Assigned task: Below are some records; output exactly the lines from the line with "Turquía y España: ¿Por" to the line with "Бірден селфи жасап, желіде", both ends kept, and nothing more.

Records for the exercise:
• • •

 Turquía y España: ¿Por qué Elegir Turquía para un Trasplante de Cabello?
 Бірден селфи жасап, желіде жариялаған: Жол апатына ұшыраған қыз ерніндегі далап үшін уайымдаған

• • •

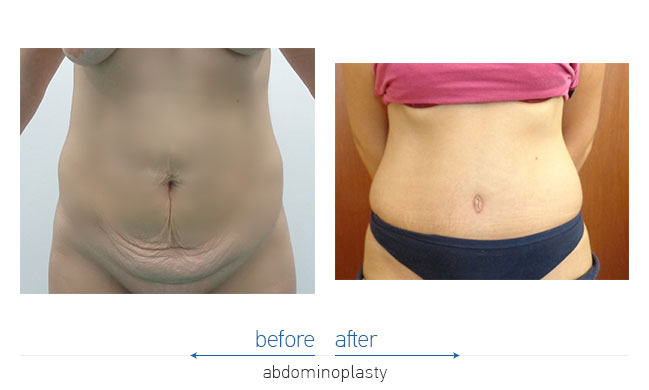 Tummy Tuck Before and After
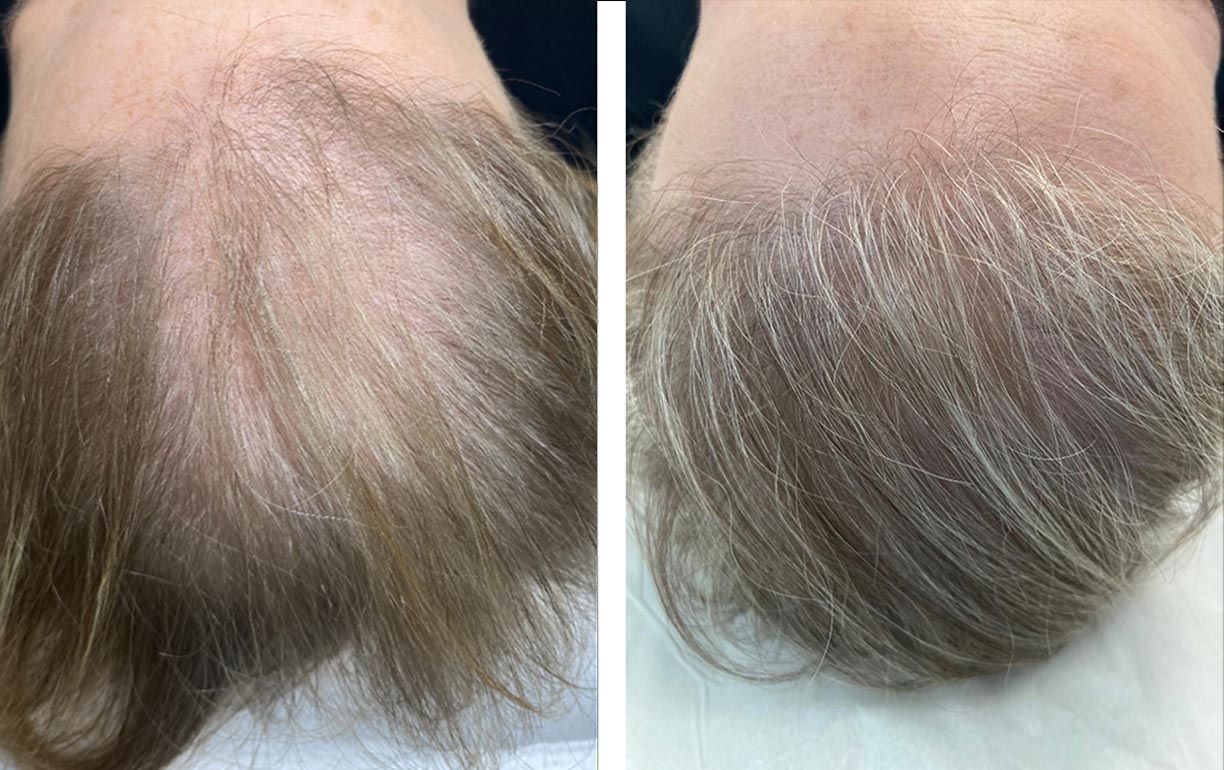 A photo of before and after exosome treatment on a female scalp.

• • •

Response for this exercise:
 Turquía y España: ¿Por qué Elegir Turquía para un Trasplante de Cabello?
 Бірден селфи жасап, желіде жариялаған: Жол апатына ұшыраған қыз ерніндегі далап үшін уайымдаған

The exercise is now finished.